Nutritional information
Calories
365
Protein
5g
Carbs
44g
Fat
18g

Frequently Asked Questions About Simple Easy Homemade Bread Recipe

Can I skip the baking soda? No. That’s what makes it rise. Without it, you get a flat, dense brick. It’s not optional.

How do I know when it’s actually done? Toothpick in the middle comes out with a few moist crumbs. Press the top—it springs back but feels soft. That’s done. The edges should pull away from the pan a tiny bit. Don’t go by time alone. Ovens are weird.

Can I use frozen strawberries? Yeah. Thaw them first and squeeze out as much water as you can. Pat them with a paper towel. Wet fruit makes the bread soggy and gummy instead of light.

What if I don’t have pecans? Walnuts work. Almonds work. Same amount. Or skip them entirely—it’s still good bread. Strawberry and cinnamon carry it.

How long does it stay fresh?
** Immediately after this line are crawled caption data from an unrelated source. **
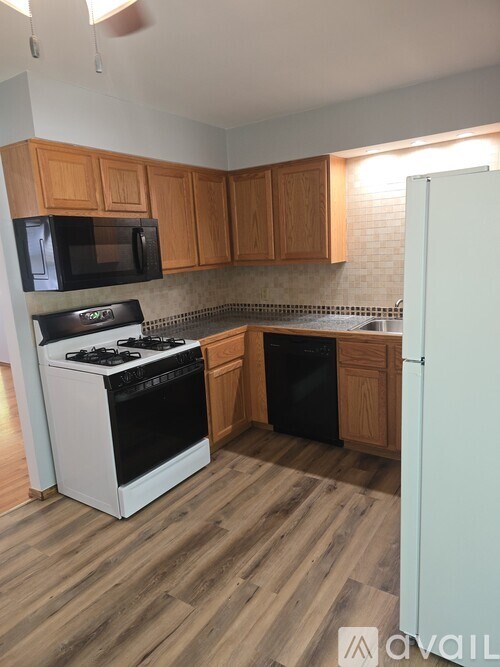 A kitchen with wooden cabinets and a white refrigerator.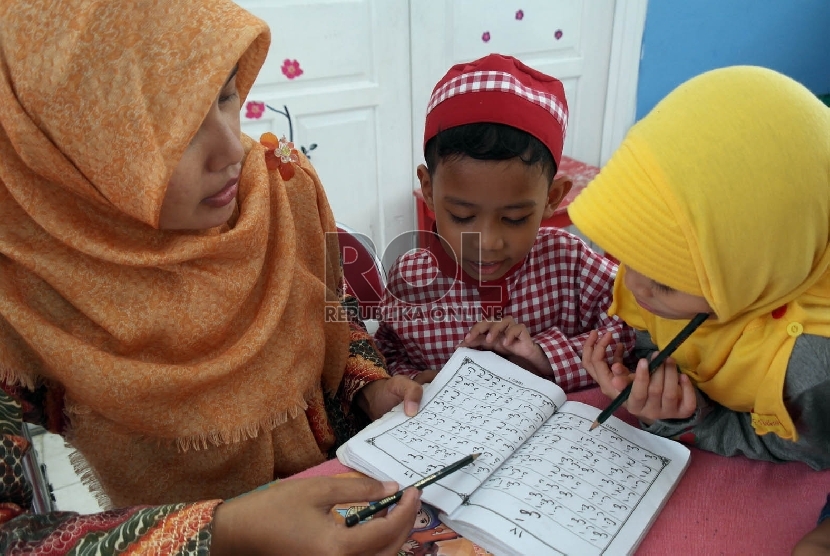 Seorang guru sedang mengajarkan membaca huruf arab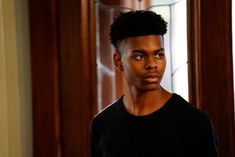 a young man with black hair standing in front of a door and looking at the camera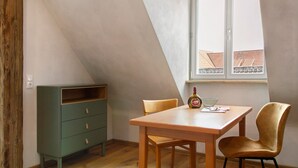 A room with a sloped ceiling, a wooden table with chairs, a green chest of drawers, and a window with a view of buildings.
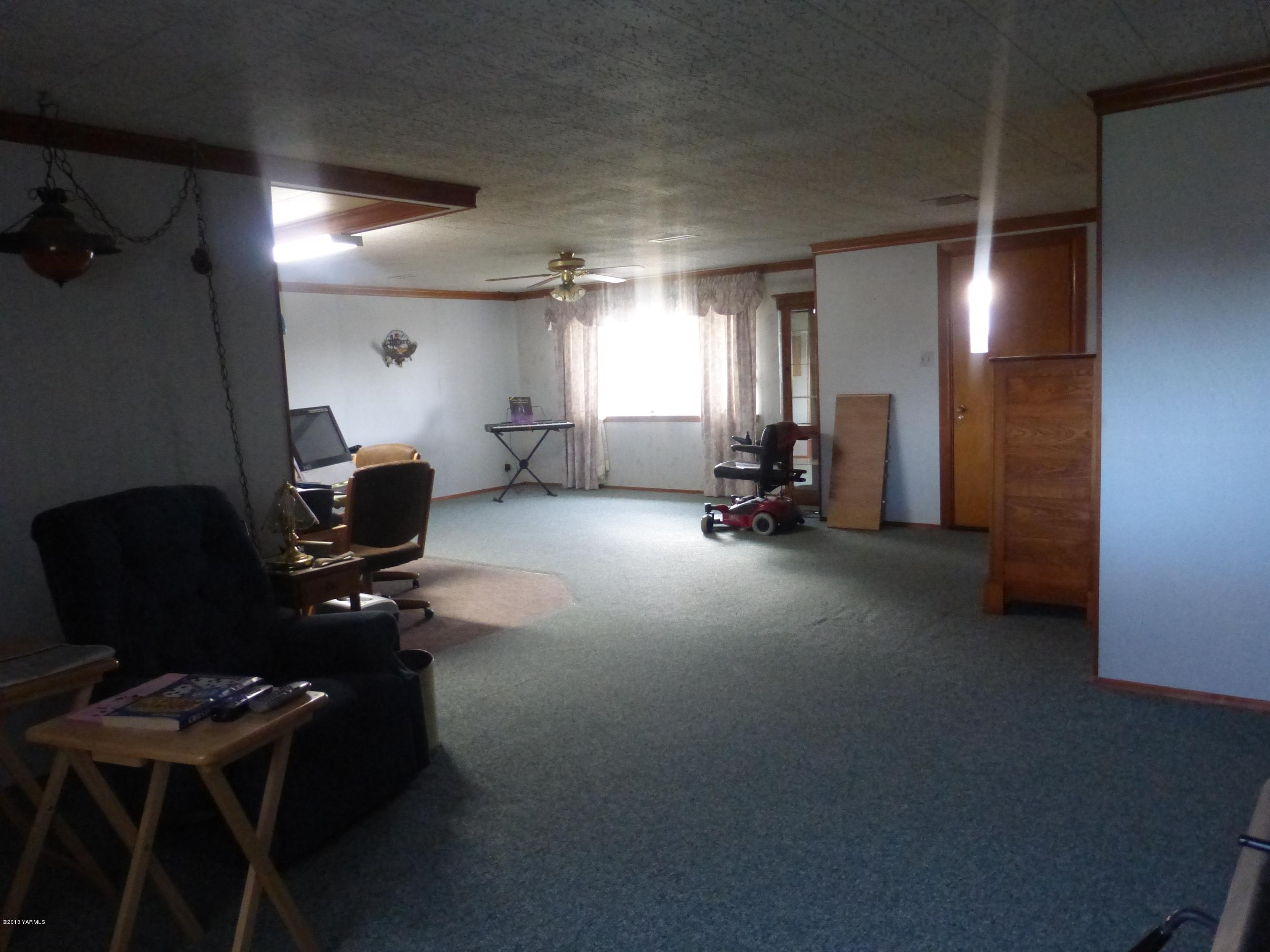 461 Barker Road Granger, WA 98932 - Photo 21 of 37 a view of a room with gym equipment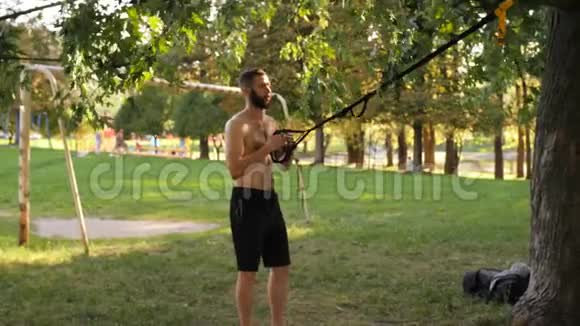 有胡子的年轻人开始在公园里用健身环锻炼4K慢节奏的电影视频的预览图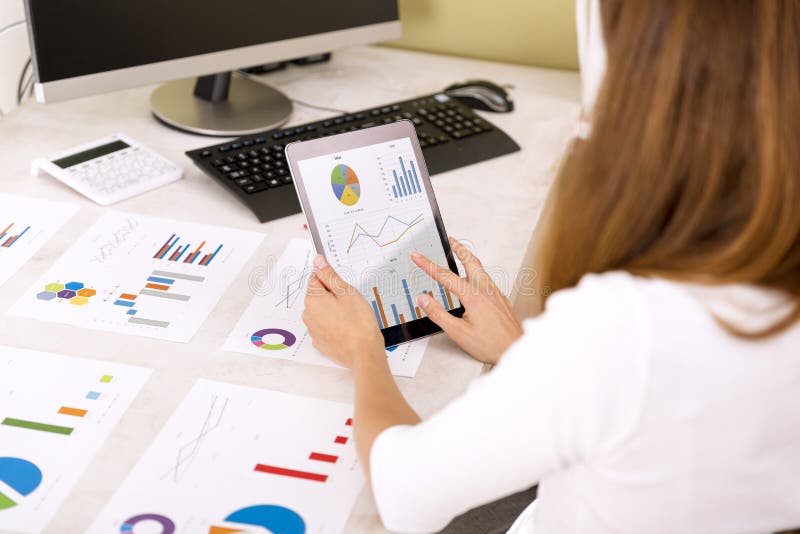 Jeune femme d'affaires réexaminant des résultats de ventes sur le comprimé Graphiques sur la table de bureau photographie stock libre de droits Jeune femme d'affaires réexaminant des résultats de ventes sur le comprimé Graphiques sur la table de bureau photographie stock libre de droits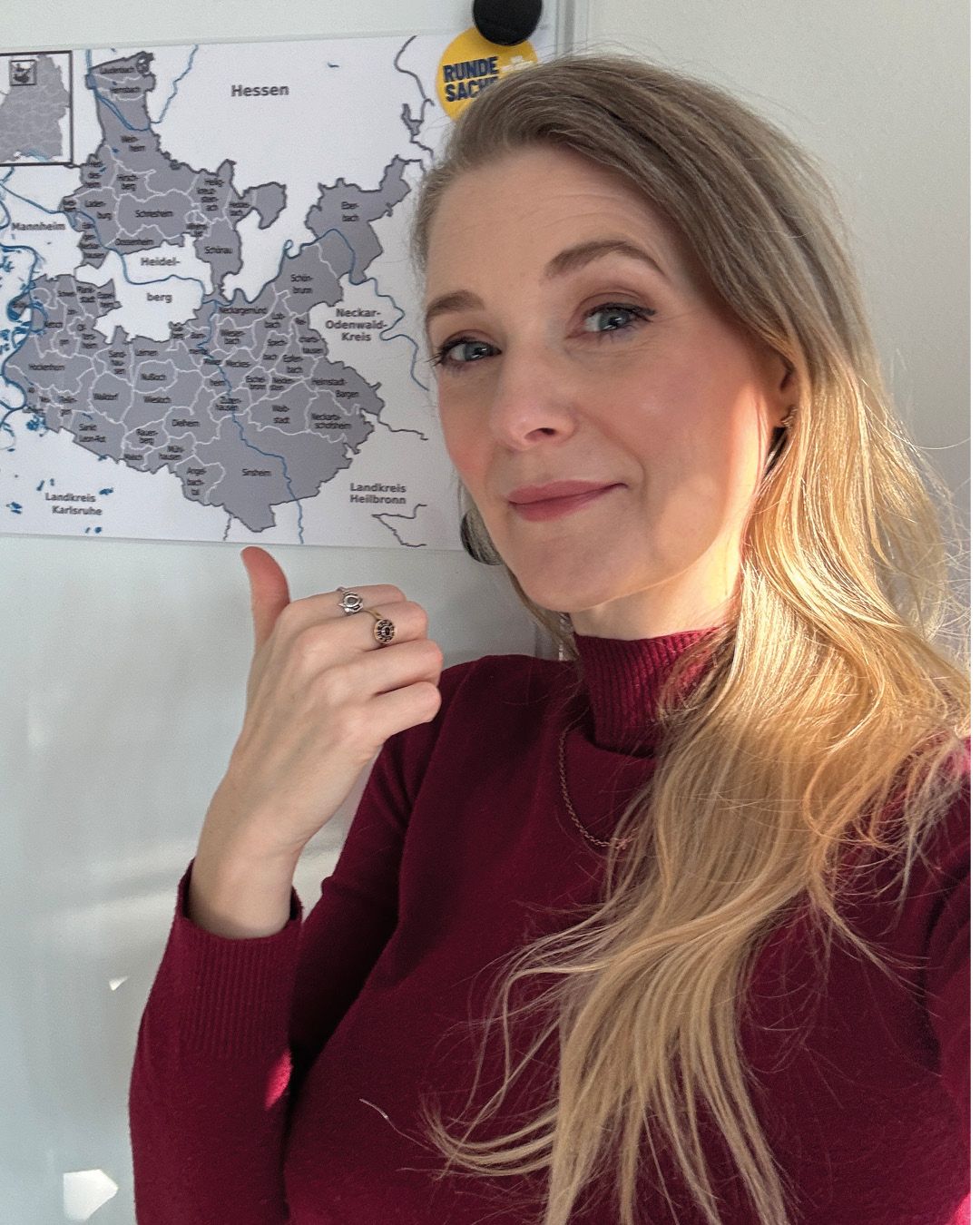 Dieser Alternativtext wurde KI-generiert: Eine Person steht vor einer Karte von Hessen und zeigt einen Ring. Das Bild ist farbig und zeigt eine Innenraumaufnahme.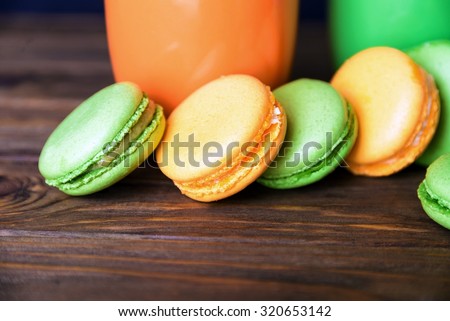 Close view at french pistachios and orange macaroons standing in a row in dark colors on a wooden background with orange cup. Shallow depth of field.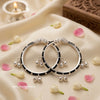 A pair of traditional Indian silver baby kadas featuring protective black beads, an intricate silver centerpiece, and hanging ghungroo bells.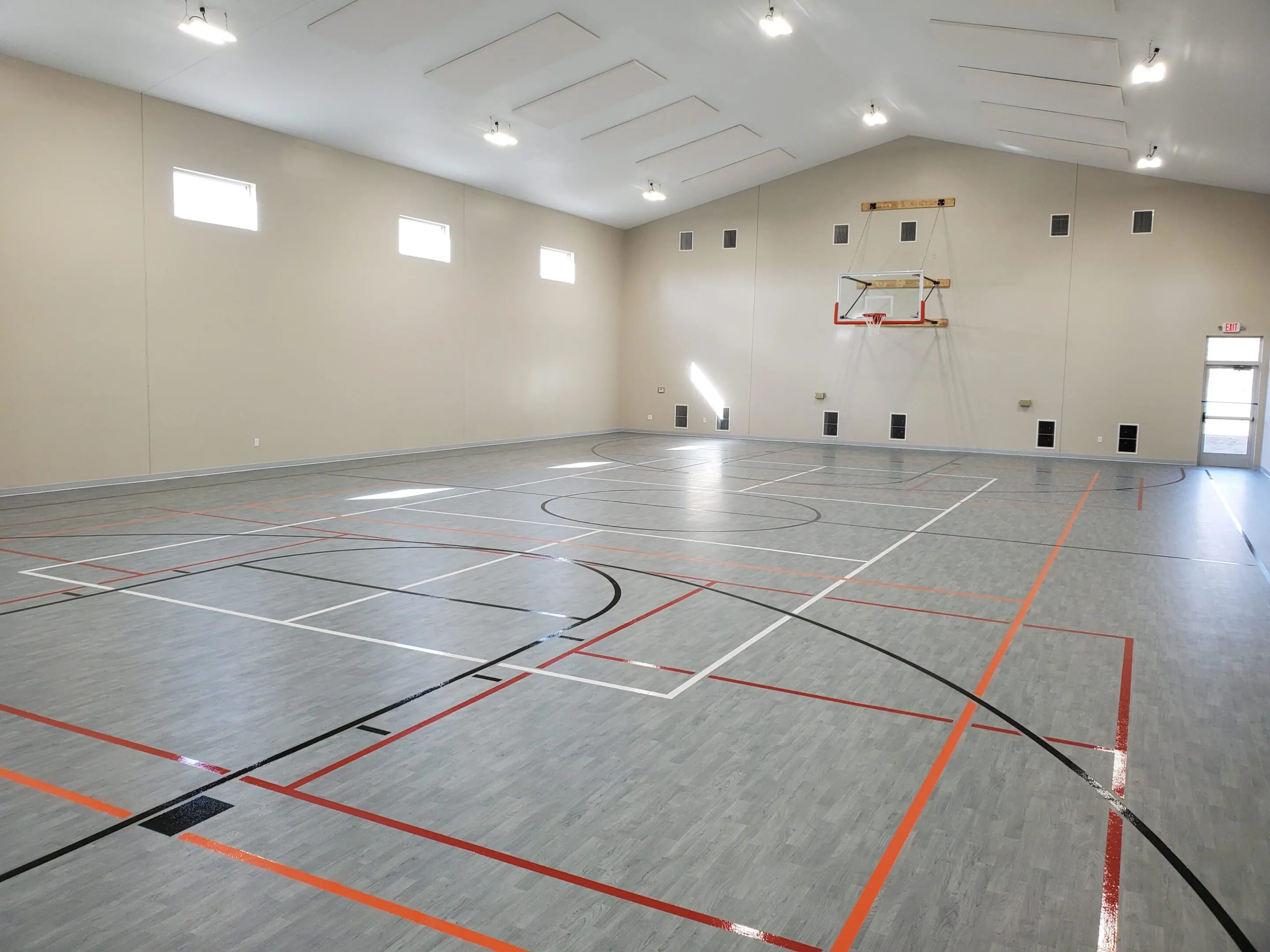 A gym with basketball hoops and a large room.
Three days at room temp wrapped in plastic or an airtight container. After that it gets hard. Refrigerate up to a week if you want. Toast old slices. That fixes staleness.

Can I make this without an oven? Not really. This is quick bread, not stovetop bread. You need oven heat. Air fryers might work if you lower the temp to 325 and check around forty minutes, but I haven’t tested it. Your call.